Da lag der tapfere Kreole auf ewig stumm und machtlos. In seiner Brust steckte tief das zweischneidige Messer des Maroonhäuptlings, seine Hände waren festgeballt, mit den Fetzen von Judiths Kleide und mit langem glänzenden Haar gefüllt. Rund umher war der Boden zertreten, rund umher Lachen von Blut.
»Es kann nicht sein!« rief Craskell, »mein tapferer Freund, Du konntest nicht sterben, ohne deine Rache zu vollenden. Sucht umher und ihr werdet ihre Leichen finden. Die Genugthuung soll er haben, daß sie kalt und todt bei den Todten liegen.«
Sie durchsuchten die Felsenhöhen, aber nichts wurde gefunden; sogar die Blutspur hörte an dem Platze auf, wo Williamson lag, und traurig, unter Noth und Gefahr, traten sie den Rückweg nach Kingstown an.
Aber der Krieg war aus mit diesem Tage, denn Montague kehrte niemals wieder. Die Maroons verloren den Muth; die furchtbaren Hunde machten sie zittern. Sie flohen vereinzelt in die Wälder und bald ergaben sich alle ihre Häuptlinge dem menschlichen Walpole, der die spanischen Jäger schnell zurück nach Cuba sandte. Kniend baten fünfhundert schwarze Männer auf dem Felde vor Kingstown Lord Balcarres und die stolze General-Assembly um Gnade.
Sie ward ihnen gewährt, doch die grünen Berge von Hanover sahen sie nicht wieder. Man packte die Rebellen in Schiffe und führte sie nach Rhodes Island auf einen andern Boden, in ein kaltes neues Vaterland. Die Kinder der heißen Sonne hörten nicht mehr den Tornado donnern; sie lagen nicht mehr unter dem Flockengewimmel des Baumwollenbaumes, ach! Cudjoe's heiligen Baum hatte die Axt des weißen Mannes gefällt.

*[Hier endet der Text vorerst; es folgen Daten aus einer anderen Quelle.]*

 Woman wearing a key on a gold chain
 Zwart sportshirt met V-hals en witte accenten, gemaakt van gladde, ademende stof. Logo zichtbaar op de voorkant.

Ihre Hand führte nicht mehr die scharfe Büchse, sie jagten nicht mehr den Eber der Sümpfe, ihr glänzender starker Körper trug nicht länger das leichte, bunte Kleid mit dem grünen Gürtel. Frost und Reif sanken auf sie nieder; da neigten sie ihr Haupt wie Blumen, die der unwissende Gärtner verpflanzt.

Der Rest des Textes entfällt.